Department of Kinesiology and Sports Sciences, Laboratory of Neuromuscular Research and Active Aging, University of Miami, Coral Gables, Florida; and.
Miller School of Medicine, Center on Aging, University of Miami, Miami, Florida.
J Strength Cond Res. 2021 Jun 1;35(6):1611-1619. doi: 10.1519/JSC.0000000000004025.

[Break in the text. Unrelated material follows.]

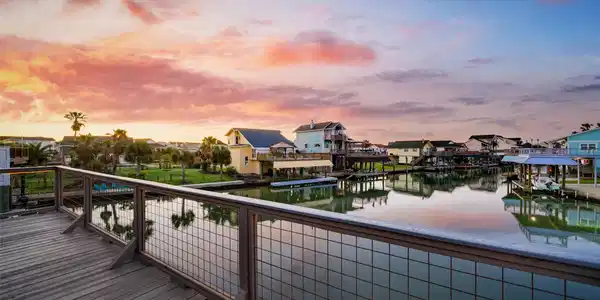 1127 Tiki Drive
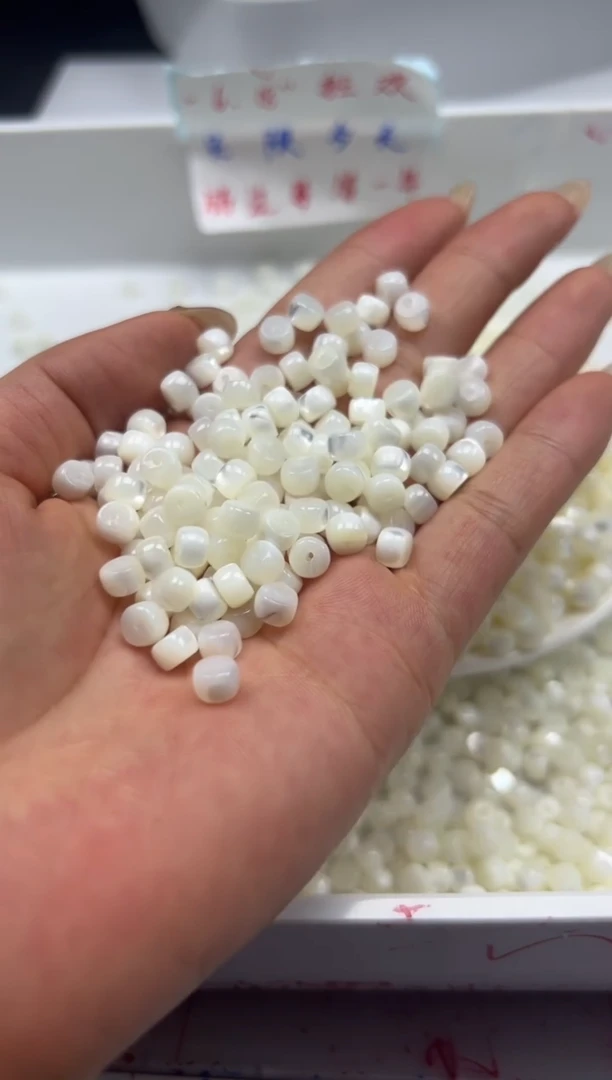 未镶嵌拼合珍珠（马贝珠）裸珠w1626珍*珠贝苹果珠6*4mm*30颗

Strand, KL, Cherup, NP, Totillo, MC, Castillo, DC, Gabor, NJ, and Signorile, JF. Periodized resistance training with and without functional training improves functional capacity, balance, and strength in Parkinson's disease. J Strength Cond Res 35(6): 1611-1619, 2021-Periodized progressive resistance training (PRT) is a common method used to improve strength in persons with Parkinson's disease (PD). Many researchers advocate the addition of functional training to optimize translation to activities of daily living; however, machine-based PRT, using both force and velocity training components, may elicit similar benefits. Thirty-five persons with PD (Hoehn and Yahr I-III) were randomized into a strength, power, and hypertrophy (SPH; n = 17) or strength, power, and functional (SP + Func; n = 18) group, training 3 times weekly for 12 weeks. Both groups performed machine-based strength and power training on days 1 and 2 each week, respectively; whereas, on day 3, SPH group performed machine-based hypertrophy training and SP + Func group performed functional training. Functional performance was tested using the timed up and go, 30-second sit-to-stand (30-s STS), gallon-jug shelf-transfer, and seated medicine ball throw (SMBT) tests. Balance (Mini-BESTest), strength, motor symptoms (UPDRS-III), quality of life, and freezing of gait (FOG) were also assessed. Repeated measures analysis of variance revealed a main effect for time (p ≤ 0.05) with significant improvements for the sample in the 30-s STS (p = 0.002), SMBT (p = 0.003), Mini-BESTest (p < 0.001), upper-body strength (p = 0.002) and lower-body strength (p < 0.001). A significant group × time interaction was seen for FOG, with SP + Func alone showing improvement (p = 0.04). Furthermore, the SPH group produced a clinically important difference for the UPDRS-III (mean difference = 4.39, p = 0.18). We conclude that both exercise strategies can be equally effective at improving functional capacity, balance, and muscular strength in individuals with PD. In addition, FOG and motor symptoms may be targeted through SP + Func and SPH, respectively. The results provide options for individualized exercise prescriptions.
斯特兰德,KL,切尔普,NP,托蒂洛,MC,卡斯蒂略,DC,加博尔,NJ,西诺雷利,JF。周期性抗阻训练结合和不结合功能性训练可改善帕金森病患者的功能性能力、平衡和力量。J 力量与 Conditioning 研究 35(6):1611-1619,2021-周期性渐进式抗阻训练(PRT)是一种常用的提高帕金森病(PD)患者力量的方法。许多研究人员主张加入功能性训练,以优化日常生活活动的转化;然而,基于机器的 PRT 使用力量和速度训练成分,可能会产生类似的益处。35 名帕金森病患者(Hoehn 和 Yahr I-III)被随机分为力量、力量和肥大(SPH;n = 17)或力量、力量和功能(SP + Func;n = 18)组,每周训练 3 次,共 12 周。两组均在每周的第 1 和第 2 天分别进行基于机器的力量和力量训练;而在第 3 天,SPH 组进行基于机器的肥大训练,SP + Func 组进行功能性训练。功能性表现通过计时起立和行走测试、30 秒坐站测试(30-s STS)、加仑罐架转移测试和坐姿药球投掷测试(SMBT)进行测试。平衡(Mini-BESTest)、力量、运动症状(UPDRS-III)、生活质量和冻结步态(FOG)也进行了评估。重复测量方差分析显示时间有主要影响(p ≤ 0.05),样本在 30-s STS(p = 0.002)、SMBT(p = 0.003)、Mini-BESTest(p < 0.001)、上半身力量(p = 0.002)和下半身力量(p < 0.001)方面均有显著改善。FOG 显示出显著的组间时间交互作用,仅 SP + Func 组显示出改善(p = 0.04)。此外,SPH 组的 UPDRS-III 产生了临床重要差异(平均差异= 4.39,p = 0.18)。我们得出结论,两种运动策略都可以同样有效地提高帕金森病患者的功能性能力、平衡和肌肉力量。此外,通过 SP + Func 和 SPH 可以分别针对 FOG 和运动症状进行靶向治疗。研究结果为个体化运动处方提供了选择。